Thursday, March 1, 2018

Biodata Angela Charlie / Angela Lee - Selebgram yang Ditangkap atas Dugaan Penipuan

 Selebgram yang Ditangkap atas Dugaan Penipuan Biodata Angela Charlie / Angela Lee - Selebgram yang Ditangkap atas Dugaan Penipuan
Angela Charlie (31) atau yang dikenal dengan nama Angela Lee adalah seorang Selebritis Instagram ( selebgram). Angelajuaga artis sinetron wanita yang cantik asal Kota Semarang - Jawa Tengah. Lulusan Akuntansi Universitas AKI ini dikenal sebagai Selebgram  dengan logat Jawanya.

Di Instagram, pemilik akun angelalee87 ini dikenal sebagai selebgram yang sering menyuguhkan konten humor. Dengan ciri khas logat Jawanya yang medok, unggahan dan parodi Angela selalu dinantikan para pengikutnya di Instagram.

Dengan jumlah followers yang mencapai 691k, dan kemampuannya yang pandai melawak, iapun menjadi selebgram yang sering menerima endorsement.

Selain menjadi selebgram, ternyata Angela merupakan seorang pecinta game. Ini dapat dilihat dalam beberapa postingan di akun Instagramnya yang sempat meng-cosplay beberapa karakter di game Mobile Legends.


Ditangkap Polisi

Angela Charlie ditangkap bersama suaminya, David Hardian (36), terkait dugaan kasus penipuan dan pencucian uang dengan modus investasi.

Penangkapan ini berawal dari laporan seorang warga Yogyakarta bernama Santosa Tandyo. Dia melaporkan pasangan suami istri ini atas dugaan melakukan penipuan, penggelapan dan pencucian uang.

Uang tersebut oleh David Hardian tidak digunakan bisnis jual beli mobil tetapi justru untuk bisnis tas impor yang dijalankan oleh istrinya Angela Charlie.

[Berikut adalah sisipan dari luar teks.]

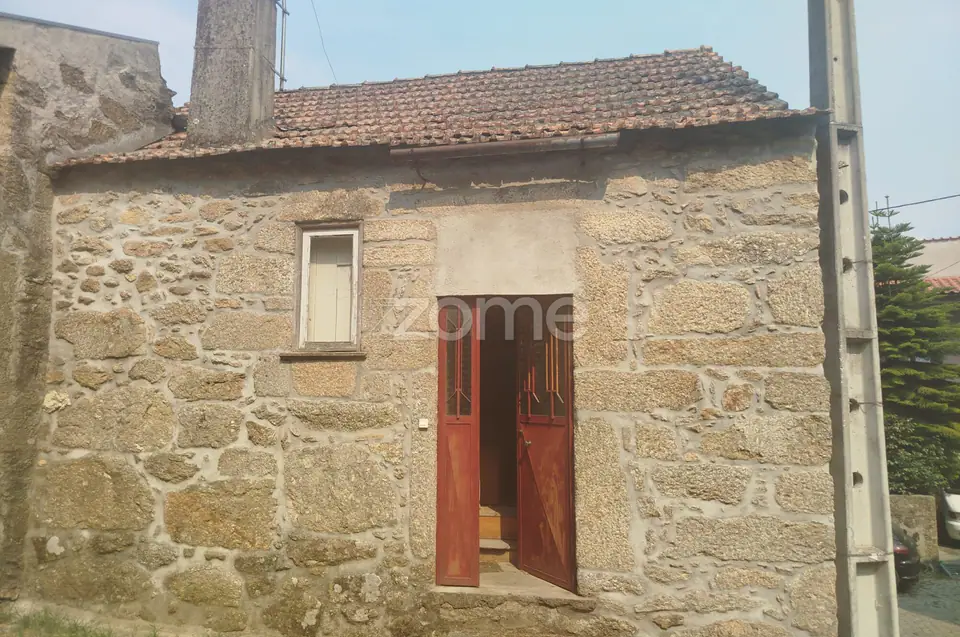 🏡 Moradia T2 em Pedra Rústica Tipicamente Beirã – Abrunhosa do Mato, — imagem 3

Pelapor sempat marah namun diyakinkan oleh David Hardian jika keuntungan dari bisnis tas impor lebih menjanjikan.

Selain itu, David Hardian juga menjanjikan uang investasi beserta keuntungannya akan dikembalikan dalam delapan hari. Selama dua bulan pertama pembayaran berjalan lancar, namun ketika masuk bulan Mei 2017, mulai macet dan tidak menyampaikan dengan jujur kepada yang berinvestasi.

Uang investasi yang ditransfer secara bertahap hingga total Rp 12 miliar itu ternyata justru digunakan untuk membayar utang. Selain itu, uang juga digunakan untuk membeli rumah dan sejumlah mobil.

Dari tangan keduanya, polisi mengamankan barang bukti berupa mobil, ponsel, beberapa ATM, mobil, 43 tas dan sejumlah dokumen. Akibat perbuatannya, keduanya dijerat dengan pasal 3 dan pasal 4 Tindak Pidana Pidana Pencucian Uang (TPPU) dengan ancaman penjara maksimal 20 tahun dan denda Rp 10 miliar.